Now here in Boston a similar move is underway. WGBH, “Boston’s NPR arts and culture station” will go the way of WNYC-FM, which phased out classical music starting in 2002, eventually shunting it to HD side-channels and Internet streams while populating the FM signal (as well as its AM one) with news and information programming, which tends to be more popular and to attract more money in listener contributions. By saving WQXR, WNYC returned classical music to the airwaves (although the city was still down one classical station, or two if you want to go back to the very late WNCN.) WGBH clearly had the same thing in mind when it bought WCRB, which was already weakened in the Boston metro when it moved from its old local channel (102.5) to its current channel (99.5) in Lowell. (Wikipedia has good background poop on WCRB’s own long saga.) While both WCRB signals have about the same range, the old 102.5 signal radiates from the Boston FM and TV antenna farm in nearby Needham, while the new one on 99.5 comes from a hill overlooking the I-495/I93 intersection, far to the north near the New Hampshire border.

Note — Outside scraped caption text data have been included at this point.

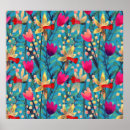 Pesquisar por ilustrações da natureza pôsteres pósteres Folha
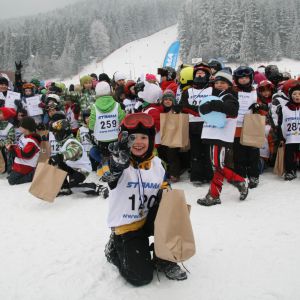 zakopane 20 stycznia 2011 371 3562
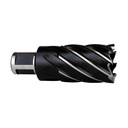 49-59-2125_1_jpg.jpg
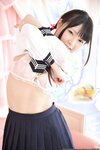 [LOVEPOP] Airi Natsume なつめ愛莉 Photoset 01 - 10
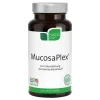 Nicapur MucosaPlex Kapseln, 60 St> Verdauung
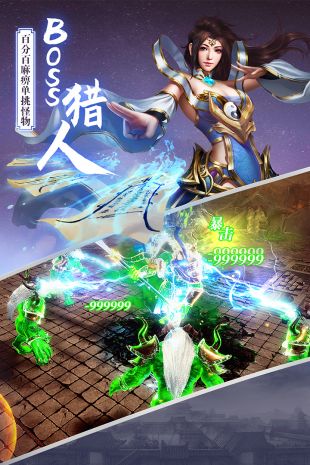 ����þ� ������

So now WGBH plans to move its classical programming to WCRB, whch will become a non-commercial station (as did WQXR), and to do more news and information programming on its own home signal (89.7), which is grandfathered at 100,000 watts on Great Blue Hill (hence the call letters) in Milton, on the south side of Boston. In terms of wattage alone, WGBH is New England’s most powerful station. (The largest coverage belongs to WHOM/94.9 on Mt. Washington in New Hampshire, which puts out 49,000 watts from the highest peak in the Northeast.) As a result WGBH can go head-to-head with WBUR/90.9, which is the incumbent public radio leader in Boston. (I’ve looked at the ratings, and WBUR has kicked WGBH’s butt for years — a fact that I am sure has rankled the latter.)

Still, many listeners are not happy. And not just about losing classical music.

WGBH is doing its best to gloss over the signal loss for classical (and other arts & culture) listeners, especially in the southern reaches of Eastern Massachusetts, where WGBH has a very strong signal and WCRB is mostly absent. To demonstrate, here is a comparison of coverage for WGBH, WCRB and WBUR, calculated by Radio-Locator.com:

gbh-crb-bur

Click on the image for a legible full-size version.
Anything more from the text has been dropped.